Testes demostram que produtos feitos com silicone liberaram concentrações de contaminantes acima de índices preconizados pela Anvisa
Sabe-se que plásticos não são inertes e podem interagir com produtos alimentícios, a exemplo dos materiais utilizados na fabricação de mamadeiras que, em decorrência da migração de componentes para o leite, podem expor as crianças a substâncias potencialmente nocivas. Apesar de mais de 50% da população utilizar mamadeiras na alimentação de crianças com até um ano de idade, faltam dados sobre a migração de determinadas substâncias para o alimento, a partir de propileno, Tritan e silicone, materiais comumente utilizados no Brasil para fabricação desses utensílios e de outros destinados em geral ao acondicionamento de alimentos. Some-se a isso o fato de essas mamadeiras utilizarem pigmentos para coloração do corpo e do bico e nas impressões decorativas, que devem ser levados em conta porque todos esses aditivos podem migrar para o alimento, constituindo fator de risco.

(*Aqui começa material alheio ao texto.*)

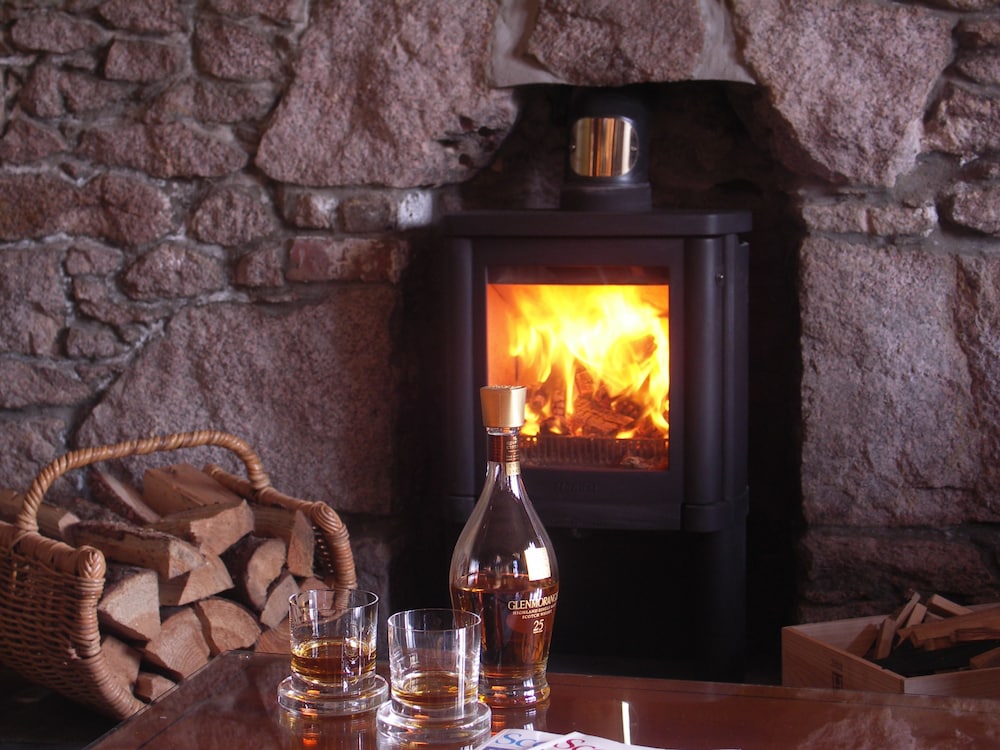Kilmarnock Arms Hotel 20/30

Torna-se imprescindível, portanto, avaliar a segurança desses materiais em relação aos fins a que se destinam, particularmente porque lactentes e crianças de primeira infância representam um grupo vulnerável à toxidade de certos compostos, uma vez que as suas vias metabólicas são ainda imaturas e o consumo alimentar por peso corpóreo é maior que o dos adultos. Evidências sugerem que a exposição precoce a vários destes compostos aumenta o risco do desenvolvimento de determinadas doenças crônicas e neurodegenerativas, alguns tipos de cânceres, além de disfunções nos sistemas endócrino e reprodutor.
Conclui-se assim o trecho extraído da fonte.